Fino al 2030, gli Stati membri dovranno prioritariamente concentrarsi sulle aree designate “Natura 2000” nell’ambito delle azioni di ripristino. Per raggiungere questi obiettivi, è richiesto che almeno il 30% dei tipi di habitat coperti dal regolamento sia riportato in uno stato “buono” entro il 2030, aumentando al 60% entro il 2040 e al 90% entro il 2050. È inoltre richiesto che le aree riportate in uno stato buono non si deteriorino significativamente in seguito al ripristino.
Gli Stati membri svilupperanno piani di ripristino nazionali, adattati al contesto locale e con un coinvolgimento attivo delle comunità locali e della società civile. L’accordo prevede anche l’obbligo per gli Stati membri di individuare e rimuovere almeno 25mila km di barriere artificiali per il collegamento delle acque superficiali entro il 2030.
Tuttavia, è emerso che il testo finale approvato è stato notevolmente indebolito rispetto alla proposta iniziale della Commissione. Ciò è dovuto agli attacchi del mondo agricolo e delle forze politiche di centro-destra nel Parlamento europeo, che hanno portato a numerosi emendamenti, alcuni dei quali sono stati confermati nell’accordo provvisorio con il Consiglio dell’UE. Questi emendamenti spesso introducono deroghe, possibilità di proroghe e la sostituzione di obiettivi obbligatori con obiettivi indicativi. Ad esempio, è stata introdotta la possibilità di sospendere l’attuazione delle disposizioni del regolamento relative agli ecosistemi agricoli in caso di eventi eccezionali.
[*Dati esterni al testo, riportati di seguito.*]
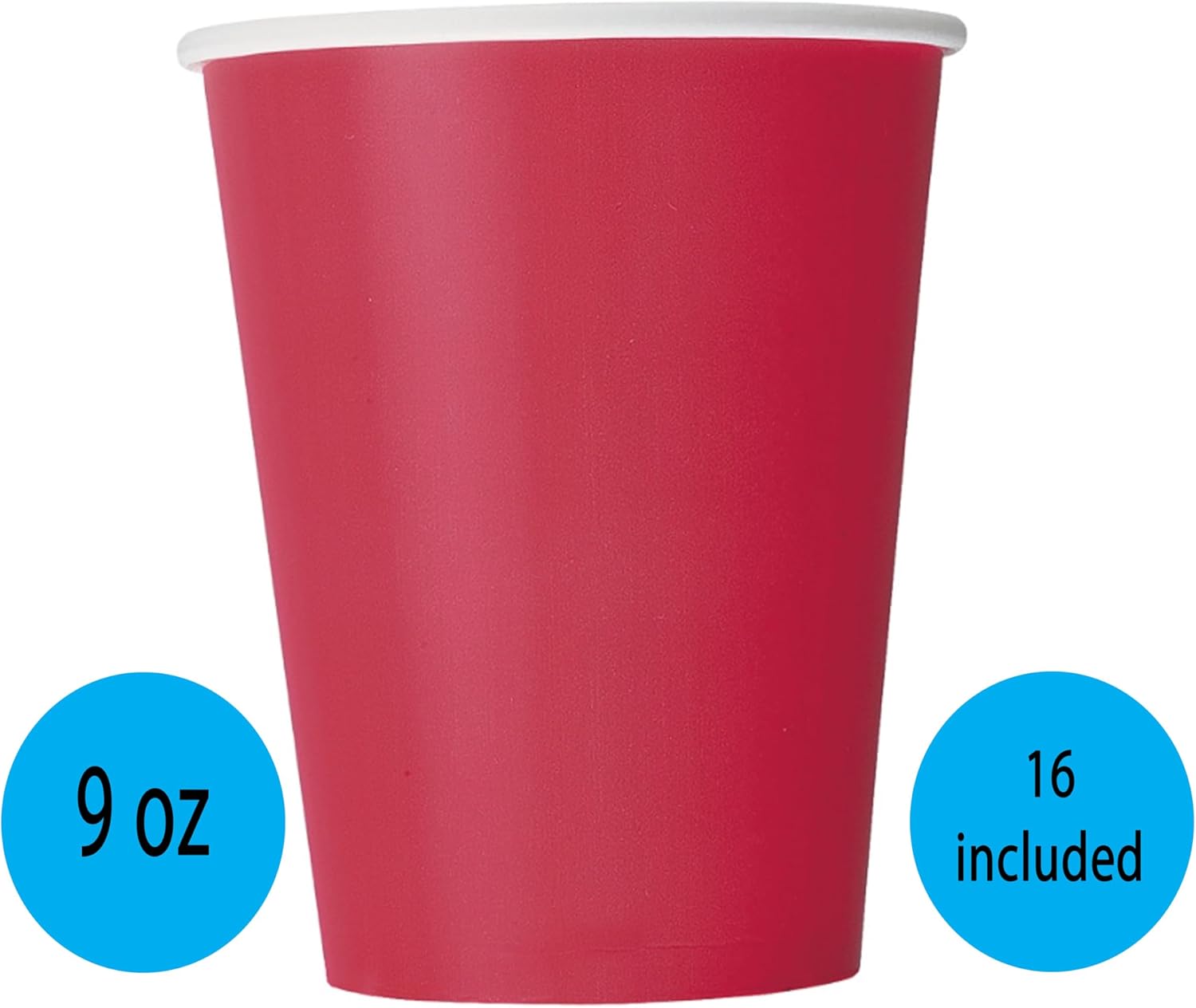 Transformers Party Supplies Pack for 16 Guests – Includes 9" Plates, Napkins, Cups, Table Cover & Birthday Candles – Official Transformers Birthday Decorations Set for Kids - Image 4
Nonostante ciò, il Partito Popolare Europeo (PPE) ha rivendicato il successo delle sue azioni, elencando una serie di modifiche alla proposta originale che sono state sostenute e che sono state confermate nell’accordo provvisorio. Tra queste, la rimozione dell’obbligo di ripristinare gli habitat naturali nel 10% dei terreni agricoli, la definizione della sicurezza alimentare come uno degli obiettivi centrali, l’assicurazione che i fondi UE per l’agricoltura e la pesca non saranno utilizzati per il ripristino della natura, e l’introduzione di un “freno d’emergenza” per congelare gli obiettivi nei terreni agricoli se la sicurezza alimentare è minacciata.
Inoltre, il testo finale ha aperto la possibilità di sospendere l’attuazione delle disposizioni del regolamento relative agli ecosistemi agricoli per un periodo fino a un anno, in caso di eventi imprevedibili ed eccezionali fuori dal controllo dell’UE e con gravi conseguenze per la sicurezza alimentare a livello comunitario.